= Source material =
= = = =

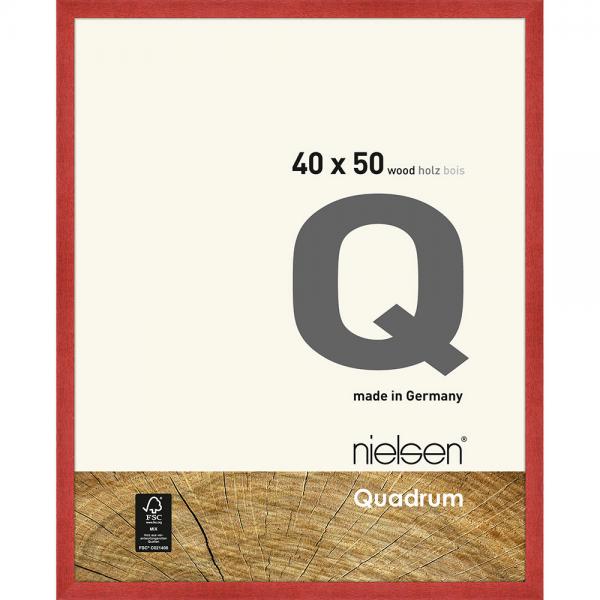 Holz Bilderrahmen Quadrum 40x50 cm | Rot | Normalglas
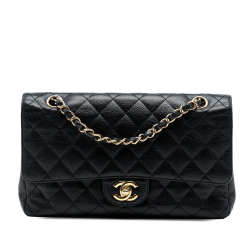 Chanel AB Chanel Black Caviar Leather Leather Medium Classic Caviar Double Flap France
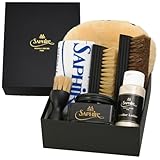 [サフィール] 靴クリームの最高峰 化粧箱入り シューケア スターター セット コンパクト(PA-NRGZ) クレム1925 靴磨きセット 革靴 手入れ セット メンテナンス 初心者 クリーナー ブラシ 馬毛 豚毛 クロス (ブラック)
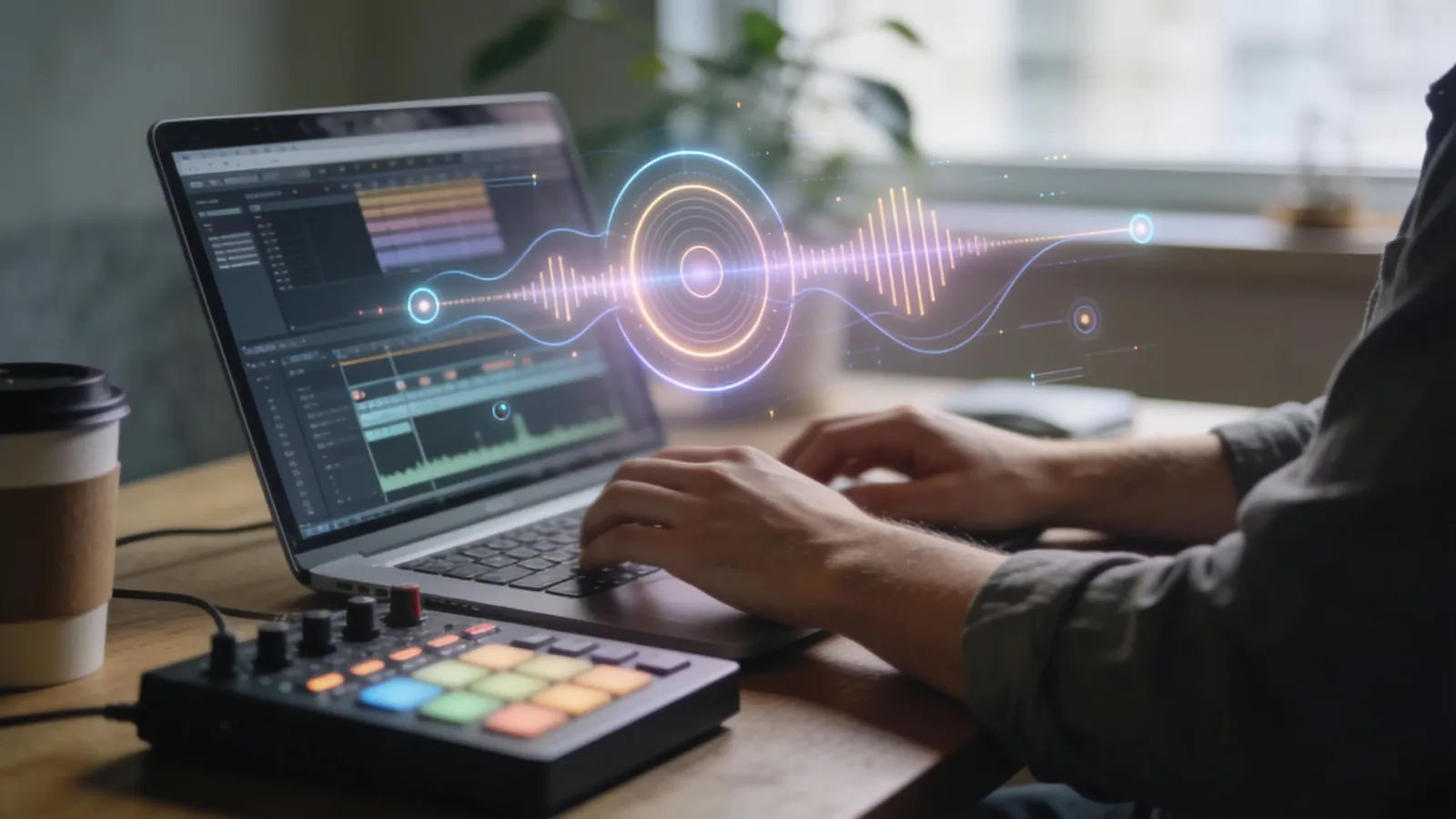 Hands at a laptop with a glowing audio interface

= = = =

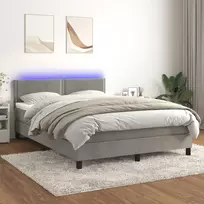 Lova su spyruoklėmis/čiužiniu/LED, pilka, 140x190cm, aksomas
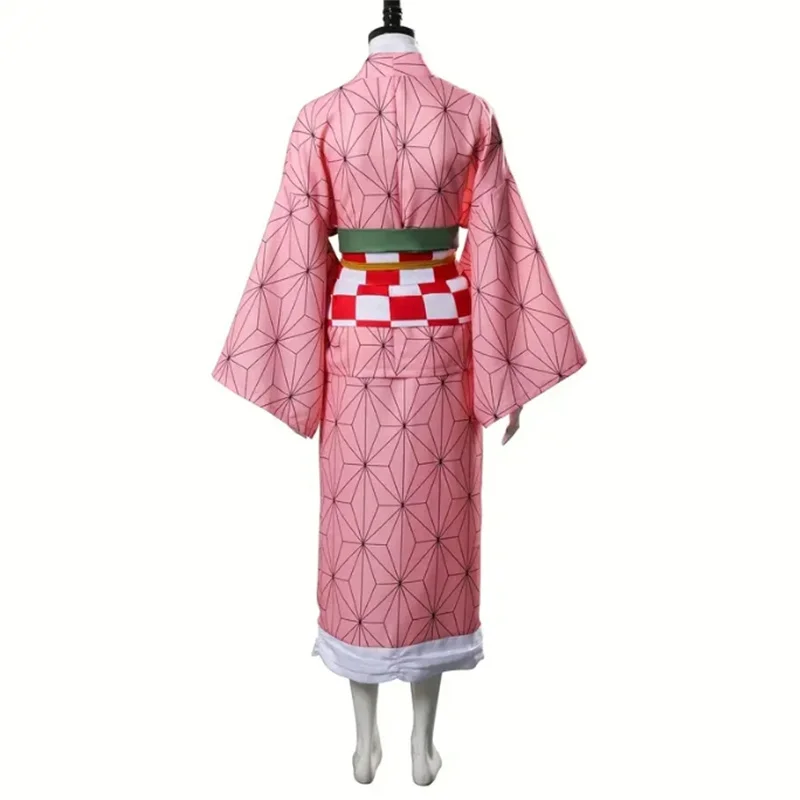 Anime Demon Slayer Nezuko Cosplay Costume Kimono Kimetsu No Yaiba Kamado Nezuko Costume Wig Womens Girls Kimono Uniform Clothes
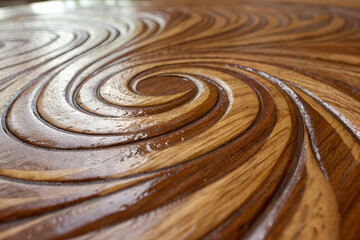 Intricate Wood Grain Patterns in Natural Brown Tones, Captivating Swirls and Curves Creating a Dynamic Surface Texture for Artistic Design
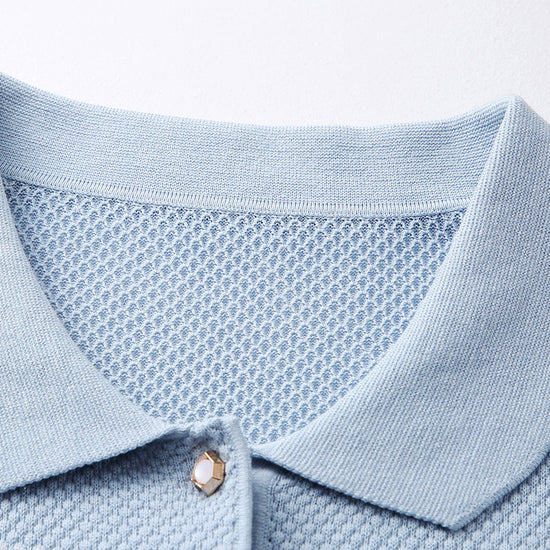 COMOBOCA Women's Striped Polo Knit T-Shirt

= = = =

= Your assignment =
Exact copy, pictures excluded: from the line with "Lova su spyruoklėmis/čiužiniu/LED, pilka, 140x190cm, aksomas" up to and including the line with "COMOBOCA Women's Striped Polo Knit T-Shirt" in the data above.

= Solution for this exercise =
 Lova su spyruoklėmis/čiužiniu/LED, pilka, 140x190cm, aksomas
 Anime Demon Slayer Nezuko Cosplay Costume Kimono Kimetsu No Yaiba Kamado Nezuko Costume Wig Womens Girls Kimono Uniform Clothes
 Intricate Wood Grain Patterns in Natural Brown Tones, Captivating Swirls and Curves Creating a Dynamic Surface Texture for Artistic Design
 COMOBOCA Women's Striped Polo Knit T-Shirt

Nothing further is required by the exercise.